Stalin’s Ruthless Rhyme Schemes
Joseph Stalin was a blessing before he was a curse. His parents had tried twice before to have children, but both passed away shortly after they were born. Stalin was the third attempt, and though he was weak (always getting sick or injured in his younger years), he survived. Yet, the world he grew up in was a dark one that he only made darker.
He was born and raised in the Georgian town of Gori, a place with a notorious street culture. (Many people in this town continue to remember Stalin with affection.) According to Young Stalin, a biography of his early years, the boy lived as a ragamuffin, often engaging in street brawls, fist fights and gang warfare.
On top of this, Stalin had to battle a difficult father who, largely because of the deaths of his first two children, had turned into a bitter alcoholic. So when he was barely old enough to read, Stalin committed his first violent act, throwing a knife at his father in an attempt to defend his mother from one of his drunken tirades.
Yet, for all his brutal shenanigans, Stalin first gained notoriety not because of his scheming but because of his poetry.
While studying to be a priest (yes, that’s right, a priest), Stalin started to write romantic poems, which were published in several periodicals and won him much acclaim in Georgia. His first known poem, written when he was 17, was called “Morning,” and is filled with descriptions of lilting flowers, chirping birds and national pride. “Be full of blossom, oh lovely land / Rejoice Iverians’ country / And you oh Georgian, by studying / Bring joy to your motherland.” It may not be Mandelstam, but the prideful aspect apparently resonated well with Georgians.
He eventually stopped writing poetry because it required “a hell of a lot of patience,” according to one conversation recorded in Young Stalin. Instead, he turned his focus to revolutionary Marxism.

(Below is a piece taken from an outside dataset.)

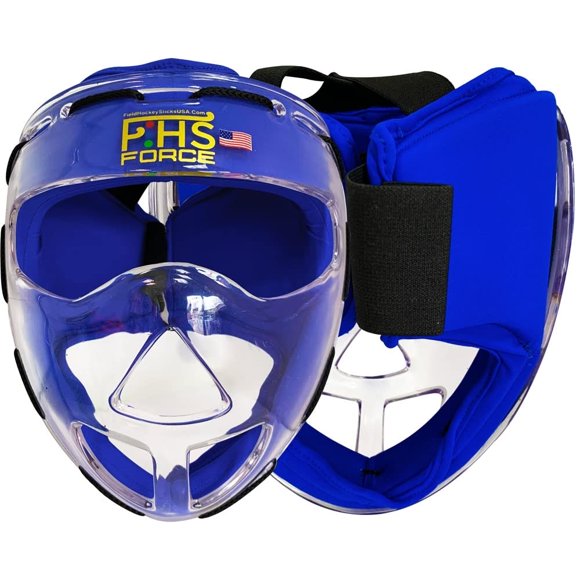 Máscara de hockey sobre césped F HS Junior 20x22x10 cm Azul Transparente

Still, many of his early ventures into the sinister are intertwined with his passion for literature. The books and periodicals he read spurred his revolutionary ideas and schemes. According to one account in Young Stalin, he actually learned many of his tyrannical tactics from a fight over reading material with a priest in his seminary. While in school, Stalin was known to read and distribute black-listed books by authors like Balzac, Marx and Darwin. So one priest, who was nicknamed the Black Spot, spared no amount of energy spying on Stalin and rummaging through his personal belongings. Stalin was eventually expelled over this, and later in life, he confessed that this priest had taught him all the repressive tactics he’d need to know, including “surveillance, spying, invasion of inner life, [and] violation of feelings.”
Unlike today, where a history of writing romantic poems might diminish one’s macho credentials, poetry actually fueled Stalin’s reputation. In 1907, young Stalin organized a bloody bank heist that helped finance the Bolshevik revolution. Afterward, one of his henchmen admitted that he had joined Stalin in this risky venture “only because he was such an admirer of Stalin’s romantic poetry.”